May 19, 2011

Restored Working Habits.

Having spent the last two years working in the public sector, mainly the public school system (ranging from Elementary to University), is, by far the most challenging thing I have ever done. College was a sweet summer breeze in comparison to the long hours, little pay, the disproportionate number of students:me, demands of a collapsing school system, undocumented students politic, and well, working in a strange melting pot of race where I continually am too hyper-aware of my own race, my own racial baggage as a white female going into a school composed almost entirely of Hispanics and African-Americans.

It is one thing to read about the system, it is another thing entirely to experience it.

However, one of my students gave me a card, and inside, there was a scribbled letter that read,

"I've had an amazing time with you this year. I can't tell you how thankful I am to have met you. I needed the 'realist' point of view you have given me. I really have loved connecting with you these past couple months. I know we will always talk through my college years. I hope to always keep in touch.


"ps. I will never forget you because you have truly made a great impact on my life"


I guess, I would say, working in the public sector sucks, for a lack of a better term.  It's not a lucrative career for someone in their mid-twenties trying to get their feet on the ground monetarily, have a life outside of work, try and maintain a social network.  And with recent budget cuts, the jobs are slim pickings and incredibly competitive.

Regardless, I love my job, which is something that I know most people my age cannot say. I work hard, and I deal with an incredible firing of stressors. However, at the end of the day, it's all worth it and it feels good.

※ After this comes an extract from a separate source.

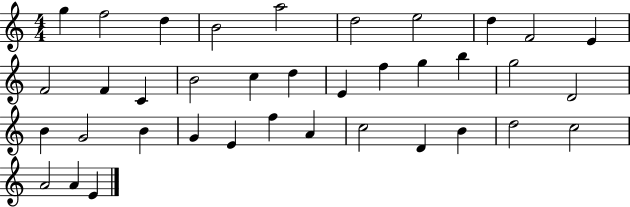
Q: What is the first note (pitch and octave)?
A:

As I leave this industry, I have no idea how to operate in a regular job that doesn't serve the public or work on youth advocacy. I don't know how I am going to sit in a cubicle, make copies, merge excel spreadsheets, answer phones...or just have a job that pays me, just because it pays me. It all just seems so selfish and hollow. I wish everyone post-graduate could of had a two years of rewarding and internally fulfilling job. And, I know this sounds, but the experience in itself alters the way you view wage labor, worker's rights, public funding, large governmental systems and becomes a shining example  of all that 'crazy' social theory you spent four years learning.